Other sessions focused on Islamophobia and the Prevent strategy. Former Guantanamo Bay detainee and director of the Cage detainees’ rights group Moazzam Begg said Prevent “is not new”.

“We’ve had terror laws over the last 15 years,” he said. “People are targeted for opposition and dissent.”

Shelly Asquith, NUS vice president for welfare, said the union would support academics refusing to implement Prevent and student unions trying to disrupt it.

Speakers asked what to do when some Muslims and Muslim organisations go along with Prevent.

Azad Ali from the Mend campaign group argued that campaigning can give Muslims more confidence.

“When they see that Muslims and others are involved they will be braver,” he said.

Migrant workers took on the myth that they cause lower wages and worse conditions at work.

The importance of anti-racist campaigning came through again and again.

One refugee said seeing anti-fascists in Greece gave her confidence. “I lived in fear from 2006 to 2008,” she said. “I wasn’t able to go out. I came out when demonstrations saying refugees are welcome here passed by my home.”

Khalil Charles from the Muslim Association of Britain told a workshop on Islamophobia about a racist attack on Finsbury Park Mosque last year.

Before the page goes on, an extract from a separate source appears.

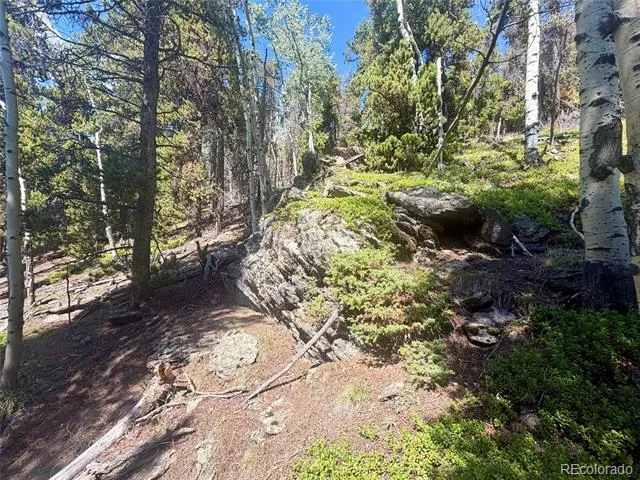 0 Lodgepole Circle Evergreen, CO 80439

“The protest in support of the mosque that followed the attack was so important to us,” he said. “It demonstrates exactly the kind of unity we need.”

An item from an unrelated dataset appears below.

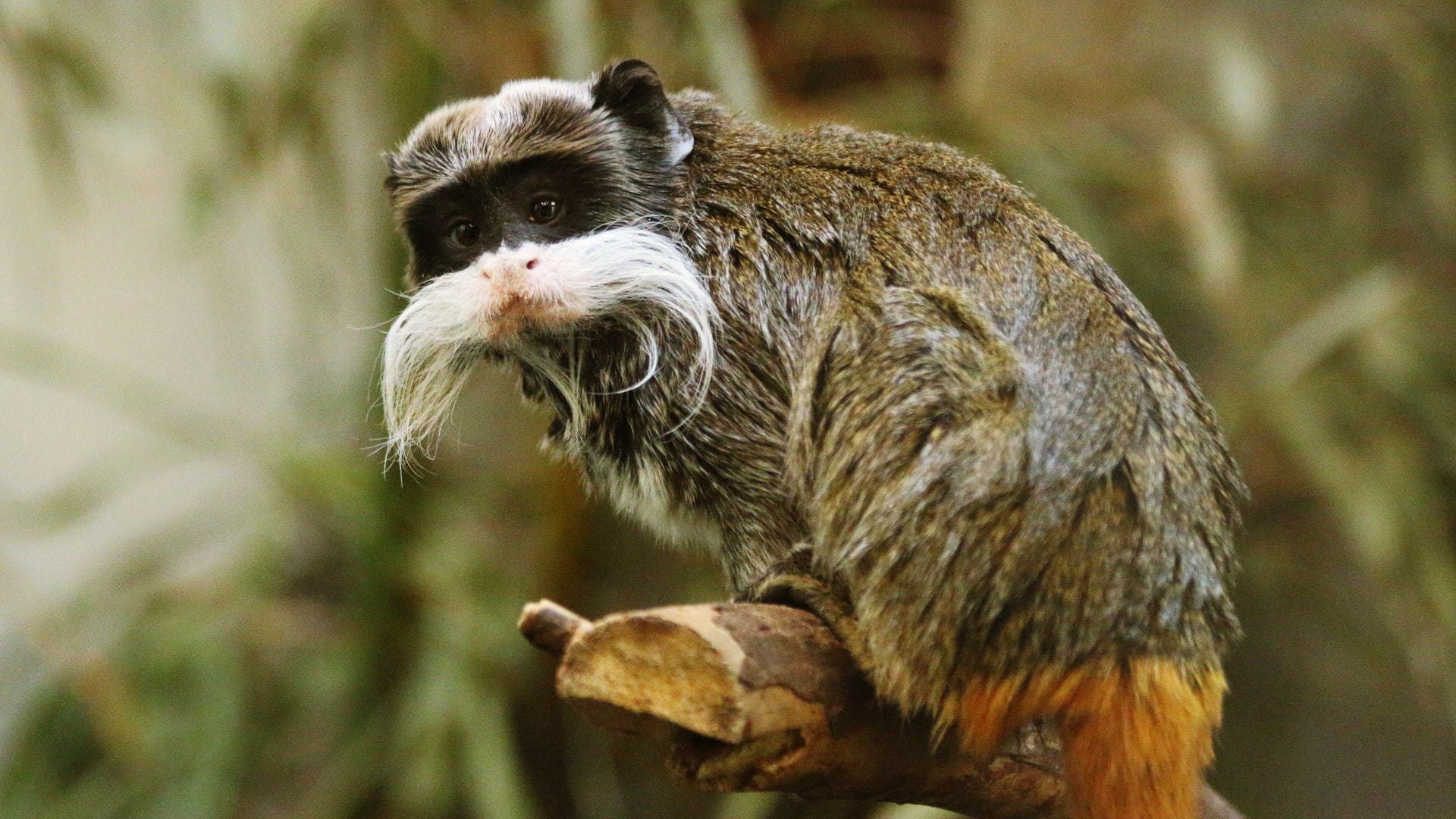 Tamarin Wallpapers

Kadisha Brown-Burrell spoke movingly about the five-year battle for justice her family has waged for her brother Kingsley.

He died after police forcibly restrained him in Birmingham in 2011.

“If we don’t fight we’ll never have a voice,” Kadisha said.

Journalist and Black Lives Matter activist Gary McFarlane was cheered as he called for a “new Civil Rights Movement”.

Gloria Mills of the TUC speaking at the conference

Gloria Mills of the TUC speaking at the conference (Pic: Guy Smallman)

The Tories hope to scapegoat migrants for the impact of their austerity.

Birmingham anti-war activist Salma Yaqoob demolished their lies. “If you listen to what’s in the mainstream, I am responsible for the crisis in the NHS,” she said.

“It seems it has nothing to do with years of chronic underfunding.”

Musician and socialist Elva Stevenson added, “To beat austerity you have to fight the scapegoating and prejudice they use.”

Migrant workers took on the myth that they cause lower wages and worse conditions at work. Instead, their struggles can drive wages up and have a big impact.

Students stressed the need to set up Stand Up To Racism groups on campuses. Hertfordshire student Naima said, “We need to link up with other student societies, our students’ unions and our lecturers.”

Rizwan from NUS Black Students told Socialist Worker, “There’s no point coming together like this if we don’t go away and organise.”

Malia Bouattia, president of the NUS, told a final plenary, “When injustice becomes law, resistance becomes our duty.”

Speakers from Mend and the Muslim Council of Britain vowed to be a part of coming SUTR initiatives.

Many events are already planned, such as a Love Music Hate Racism (LMHR) gig in London later this month.

Other activists are setting up workplace SUTR groups. Sam, a health worker from east London, described how she and some Muslim colleagues had run a stall in her hospital in support of refugee rights.

“People were so glad to see us,” she said. “Now we’ve organised for the first Stand Up To Racism meeting in the hospital.”

The conference showed the broad support for anti-racism across Britain and should be a launchpad for campaigning.

Gloria Mills from the TUC general council called on people to join the demonstration on UN anti-racism day on Saturday 18 March.

As SUTR joint convenor Weyman Bennett put it, “This isn’t just a conference to talk. It is a conference to organise. We can be united, we can stand up to racism and we can beat Theresa May.”